Most of us never forget to eat or go to work. We manage to juggle crazy, out-of-control lives with never enough time or money, and still succeed. Yet somehow the idea of putting a little food and money aside for the inevitable, rarely crosses our minds. Maybe we don’t want to be depressed by thinking about the different scenarios that might threaten to starve us to death. The fact is that we will all face a calamity, whether individually, locally or globally, we will have our own gut check. Surviving and thriving through the crisis will depend on the preparations we make now.
What’s my advice? Don’t be ignorant to your situation, threats to your safety, and the remedies that will save you. The first priority is to be aware. What do you have in the cupboard? If it is an old can of tomato soup and a handful of single serving taco sauce packets, you have a problem.
Pay attention to current events, economic trends and political changes. As grimy and distasteful as politics and world news may be, it is important to be informed.
In this modern age, we are running full tilt, putting all of our trust in electronics. Until this system crashes, use it to educate you and your family.
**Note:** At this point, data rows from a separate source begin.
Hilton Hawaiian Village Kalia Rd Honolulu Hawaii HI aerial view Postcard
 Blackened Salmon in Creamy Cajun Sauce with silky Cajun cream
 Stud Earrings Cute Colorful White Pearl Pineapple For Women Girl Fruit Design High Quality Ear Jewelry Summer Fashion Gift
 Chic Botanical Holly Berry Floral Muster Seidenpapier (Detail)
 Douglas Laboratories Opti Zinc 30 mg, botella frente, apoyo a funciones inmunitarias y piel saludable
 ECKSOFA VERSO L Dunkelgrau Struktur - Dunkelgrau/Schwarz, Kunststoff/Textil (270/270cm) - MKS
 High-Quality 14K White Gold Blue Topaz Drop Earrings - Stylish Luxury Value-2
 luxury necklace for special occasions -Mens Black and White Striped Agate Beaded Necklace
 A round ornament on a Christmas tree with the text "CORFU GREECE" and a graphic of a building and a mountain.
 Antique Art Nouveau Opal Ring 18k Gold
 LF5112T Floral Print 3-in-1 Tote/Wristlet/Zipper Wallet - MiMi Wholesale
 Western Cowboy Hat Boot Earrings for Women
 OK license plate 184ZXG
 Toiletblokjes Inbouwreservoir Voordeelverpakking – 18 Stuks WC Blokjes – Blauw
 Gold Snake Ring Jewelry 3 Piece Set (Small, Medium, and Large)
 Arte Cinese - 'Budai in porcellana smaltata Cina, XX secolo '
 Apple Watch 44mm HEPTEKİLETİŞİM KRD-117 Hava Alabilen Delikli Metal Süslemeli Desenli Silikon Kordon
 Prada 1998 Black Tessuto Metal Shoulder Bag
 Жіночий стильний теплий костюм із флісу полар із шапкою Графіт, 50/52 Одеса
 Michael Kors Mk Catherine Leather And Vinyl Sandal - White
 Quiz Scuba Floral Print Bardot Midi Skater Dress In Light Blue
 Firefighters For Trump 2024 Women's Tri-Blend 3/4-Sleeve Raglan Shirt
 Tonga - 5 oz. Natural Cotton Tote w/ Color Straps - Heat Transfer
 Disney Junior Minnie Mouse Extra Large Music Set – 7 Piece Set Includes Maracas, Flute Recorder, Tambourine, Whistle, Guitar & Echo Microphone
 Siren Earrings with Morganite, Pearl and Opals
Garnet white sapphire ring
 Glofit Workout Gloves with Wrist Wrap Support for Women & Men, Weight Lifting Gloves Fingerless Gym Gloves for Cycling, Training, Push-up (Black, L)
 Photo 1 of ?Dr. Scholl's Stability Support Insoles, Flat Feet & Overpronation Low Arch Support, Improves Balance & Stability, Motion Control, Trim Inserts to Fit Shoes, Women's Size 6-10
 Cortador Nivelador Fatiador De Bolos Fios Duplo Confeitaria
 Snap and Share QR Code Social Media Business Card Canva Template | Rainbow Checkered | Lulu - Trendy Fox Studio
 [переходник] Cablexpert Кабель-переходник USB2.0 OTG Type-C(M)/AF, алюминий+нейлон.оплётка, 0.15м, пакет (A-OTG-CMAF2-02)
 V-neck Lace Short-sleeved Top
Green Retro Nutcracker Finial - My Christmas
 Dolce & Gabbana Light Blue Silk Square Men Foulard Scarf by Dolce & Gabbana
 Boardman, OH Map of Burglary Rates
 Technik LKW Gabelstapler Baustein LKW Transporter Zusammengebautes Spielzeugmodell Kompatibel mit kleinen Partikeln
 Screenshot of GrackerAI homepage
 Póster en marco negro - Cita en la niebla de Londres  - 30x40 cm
Listen to your crazy family members, read what the survivalists have to say about what they know. Use the internet and access the newest developments and products; putting up peaches in glass jars, like grandma once did, may not be helpful. Don’t try to reinvent the wheel. There are smarter, and better prepared, people out there than you and I; use them. Be educated and develop an opinion.
Make a plan to do something. Buy an extra can of spaghetti sauce or build the bomb shelter under the rose beds; doing something as frequently as possible is the key. Coupon clipping has helped hundreds of families collect a year supply of household items in a hurry and stay in budget. Copy canning, buying extra of what you use everyday, is a painless way to get started. Another tip: if you skip straight to digging a bomb shelter, you might as well take your last breath and cover yourself in the dirt.
Preparedness is a state of mind. It starts with being aware of your surroundings and the world we live in. Anticipating the problems and preparing to deal with them is as much a mental game as it is a physical one. Once you condition yourself to visualize the need, you will incorporate being prepared into your life. Food storage, you ask? No problem.